Sob críticas, quarto projeto do asfalto pago passa pela Câmara
Sob críticas, quarto projeto do asfalto pago passa pela Câmara
Texto: Josefa Cunha
A Câmara Municipal discutiu e aprovou na sessão extraordinária de ontem a quarta "versão" do projeto que dispõe sobre a execução do asfalto mediante pagamento da população beneficiada. A matéria já havia tramitado três vezes na Casa, mas continuou se arrastando em virtude de falhas na apresentação do projeto por parte da Prefeitura. Como nas ocasiões anteriores, a proposta recebeu anuência de todos os vereadores, mas já há aqueles que prevejam novos empecilhos num futuro próximo.

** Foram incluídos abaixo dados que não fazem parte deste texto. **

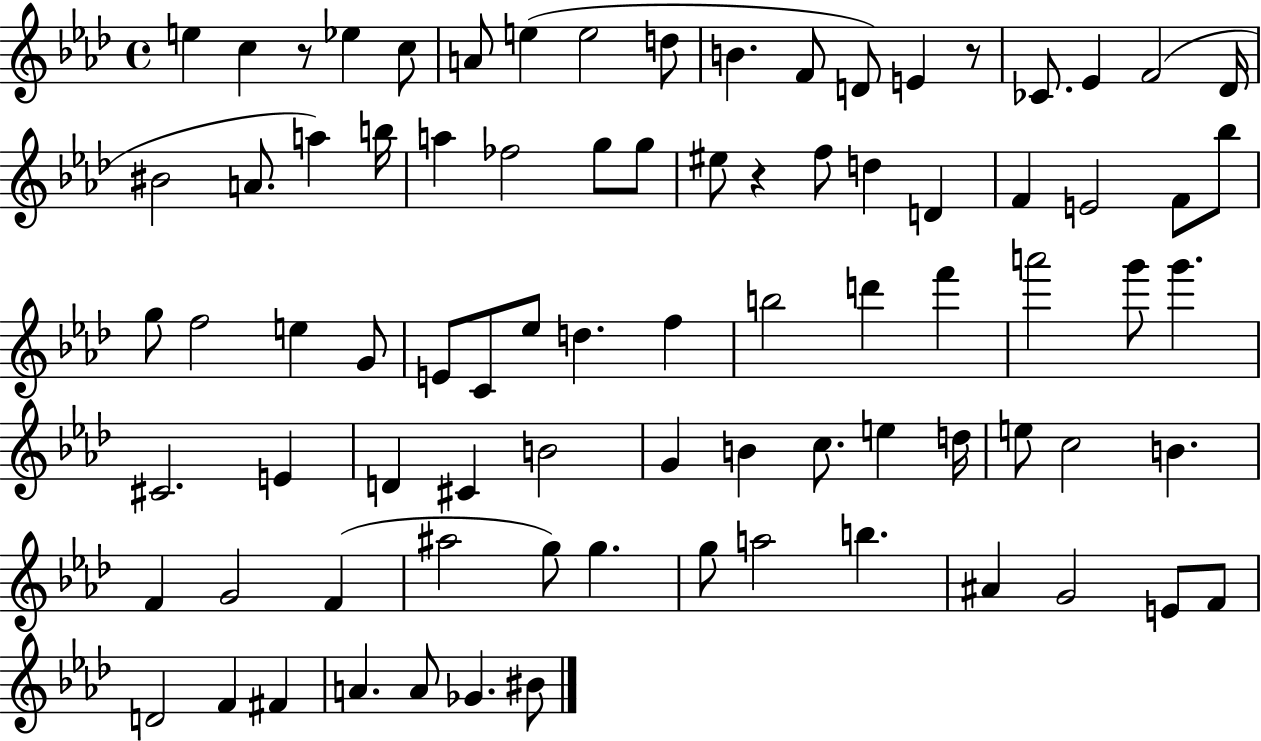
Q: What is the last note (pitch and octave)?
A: BIS4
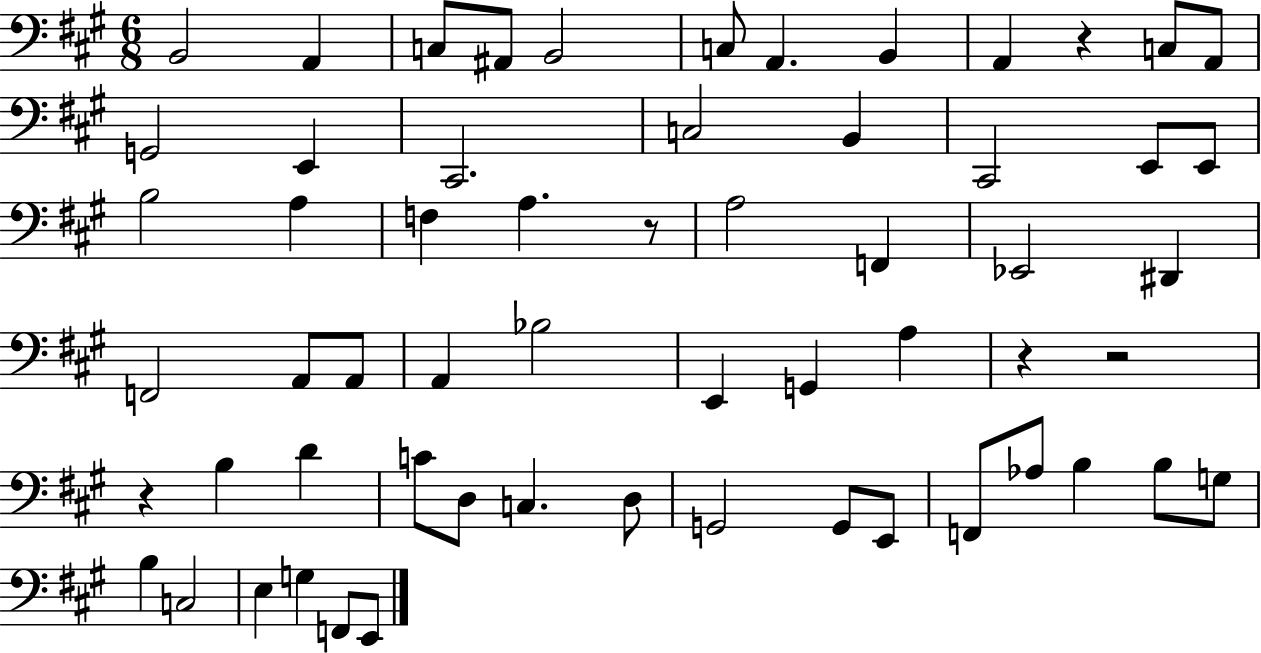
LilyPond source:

{
  \clef bass
  \numericTimeSignature
  \time 6/8
  \key a \major
  b,2 a,4 | c8 ais,8 b,2 | c8 a,4. b,4 | a,4 r4 c8 a,8 | \break g,2 e,4 | cis,2. | c2 b,4 | cis,2 e,8 e,8 | \break b2 a4 | f4 a4. r8 | a2 f,4 | ees,2 dis,4 | \break f,2 a,8 a,8 | a,4 bes2 | e,4 g,4 a4 | r4 r2 | \break r4 b4 d'4 | c'8 d8 c4. d8 | g,2 g,8 e,8 | f,8 aes8 b4 b8 g8 | \break b4 c2 | e4 g4 f,8 e,8 | \bar "|."
}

No início de outubro, representantes de várias associações de moradores comemoraram a aprovação do chamado asfalto comunitário, apesar do alerta de alguns parlamentares, que apontavam brechas passíveis de inviabilizar o programa. Na época, a Prefeitura chegou a culpar o Legislativo de estar atrasando o benefício, situação que voltou a se repetir no início deste mês, quando um quarto projeto foi encaminhado pelo Executivo a fim de alterar alguns pontos.
A proposta inicialmente aprovada exigia caução em dinheiro das empreiteiras que viessem a executar os serviços. A garantia foi imposta na ordem de 5% do valor total da obra, mas as empresas alegaram impossibilidade de atendê-la. No Parque Júlio Nóbrega, por exemplo, a caução
- frisa-se, em dinheiro - seria de R$ 10 mil. Para contemporizar a dificuldade, o Executivo modificou o texto, passando a exigir apenas carta de fiança.
A atitude da administração arrancou críticas pesadas dos vereadores, que também não pouparam o prefeito Nilson Costa. A queixa maior veio em resposta a ataques do próprio chefe do Executivo, que novamente responsabilizou a Câmara pela demora na implantação efetiva do asfalto pago. "Esse quatro projeto deu entrada em regime de urgência e, em nenhum instante, descumprimos prazos ou protelamos decisões. O problema é que tem muito Romário na Prefeitura sem fazer gols", disparou Luis Roberto Relvas (PDT).
O petebista Rogério Medina (PTB), como de costume, insistiu nas cobranças a Nilson Costa e previu novo retorno do projeto
à Câmara. "Pode crer que veremos o quinto, o sexto e, se duvidar, o sétimo", atacou. Para ele, a proposta do Executivo ainda deixa vários aspectos em dúvida, como é o caso dos valores referentes aos moradores que não aderirem ao programa da pavimentação.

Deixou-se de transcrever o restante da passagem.